Raghuvanshi is not investigating the links of the accused with the Sangh Parivar, claim the victims of the September 2008 blast — in which seven people were killed. Worse, the prosecution is now assuming the tone of defence while explaining glaring lapses in the chargesheet.

Despite the entire case resting on a conspiracy to violently overthrow the Constitution and install hardline Hindutva instead, Raghuvanshi is loath to press tough charges like waging war against the state and sedition against the accused.

In a recorded conversation produced as part of the chargesheet, the main accused — serving military intelligence officer Lt. Col. Shrikant Purohit — exhorted his co- conspirators to seek help from Israel and Hindu forces abroad to dislodge the Indian state.

Yet the prosecution is not convinced. “ They were only talking. It could have just been in their mind,” defended Raghuvanshi.

He also maintained his role was investigating the Malegaon blast only. As an afterthought, he added that his legal team was examining the transcripts and may invoke the law against three or four of the accused later. “ If we had invoked the charge of waging war against the country, the case would have got weakened.

We are legally examining the transcripts and may later go for a separate trial, with the charges,” he said.

The ATS’s hesitation is surprising, since all terror cases invite charges of waging war against the state and sedition as a matter of routine. And the Malegaon case, with the exchanges between Purohit and retired Major Ramesh Upadhyay, is tailor- made for tough laws.

For instance, the law lays out, “ Whoever wages war against the government of India or attempts to wage such war or abets the waging of such war, shall be punished with death.” It adds: “ A ( an accused) joins an insurrection against the government of India.

A has committed the offence defined in this Section.” More surprising is the prosecution’s unwillingness to apply the sedition law, which also fits the case perfectly. The relevant IPC Section has it that, “ Whoever by words, either spoken or written or by signs, or by visible representation or otherwise, brings or attempts to bring into hatred or contempt, or excites or attempts to excite disaffection towards, the government established by law in India, shall be punished with imprisonment for life to which fine may be added.” This soft treatment of the Malegaon accused has led many to question the ATS’s credibility. A former Maharashtra minister didn’t hide his disappointment: “ I don’t want to say anything about Raghuvanshi.

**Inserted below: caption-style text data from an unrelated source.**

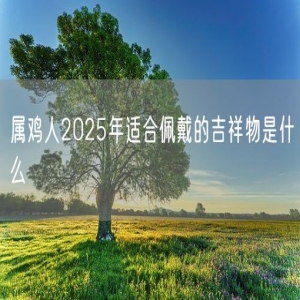 属鸡人2025年适合佩戴的吉祥物是什么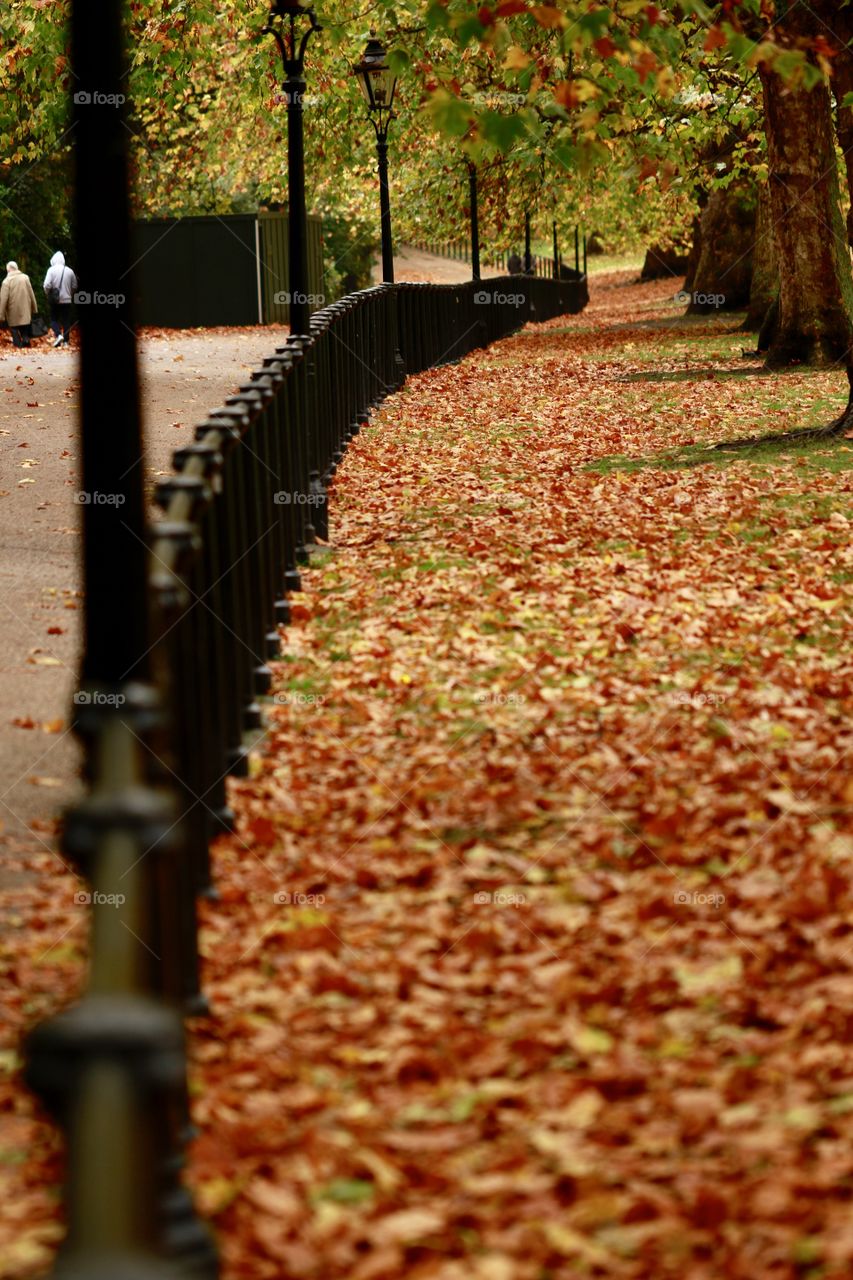 London Green Park In Autumn
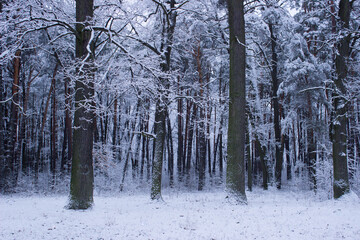 winter forest in the winter, trees in winter,snow covered trees, snow on the branches of a tree, snow covered branches, snow on the branches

No one can replace Karkare. He was of a different mettle.” But Maulana Abdul Karim Milli, a community leader from Malegaon, was scathing in his attack of Raghuvanshi. “ We had protested when he ( Raghuvanshi) took over the 2006 Malegaon blast case, which was then given to the CBI. Now, he has taken over this probe. Our people don’t believe he would lead the probe or the trial fairly.” Malegaon residents have made up their mind to seek out politicians in Delhi and Mumbai to have Raghuvanshi removed. He initially investigated the Nanded bomb blast case, in which a couple of Sangh Parivar bomb- makers were accidentally killed while making a bomb. The Nanded probe could have exposed the Hindutva terror conspiracy, averting subsequent blasts in Muslim localities and mosques.

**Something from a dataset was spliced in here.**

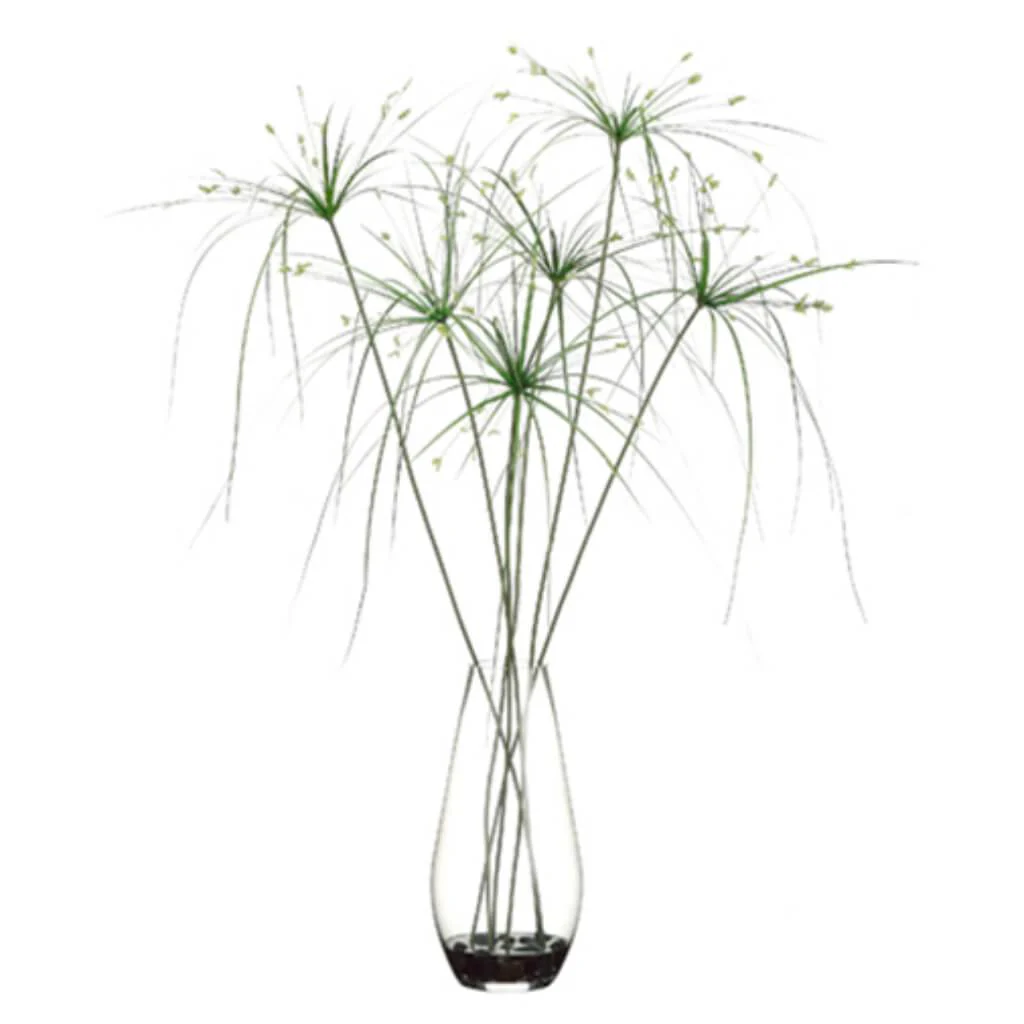 40inH x 33inW x 33inL PAPYRUS GRASS GR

In the 2008 Malegaon probe, the ATS has also not questioned many of the co- conspirators who plotted a Hindutva takeover of the country. For instance, there is a reference to a two- time BJP parliamentarian, one Colonel Dhar and Delhi- based doctor R. P. Singh, who were actively engaged in giving shape to Purohit’s idea of a “ new nation”. The probable links of the accused with other blasts like the Hyderabad Mecca Masjid one have not been probed at all.

Equally baffling is the ATS’s attempt to co- opt Abhinav Bharat president Himani Savarkar as a prosecution witness, even though she had a definite role in Purohit’s organisation and activities.

Raghuvanshi laughed off these concerns, saying: “ We need evidence against them, we have charged those who were involved in the Malegaon blast. If we put the names of 50 people that crop up then our case will fail.” The case now seems to be only about a few people whose organisational and ideological links have been completely blurred out. That was something Karkare attempted to flesh out, inviting the wrath of the Sangh Parivar.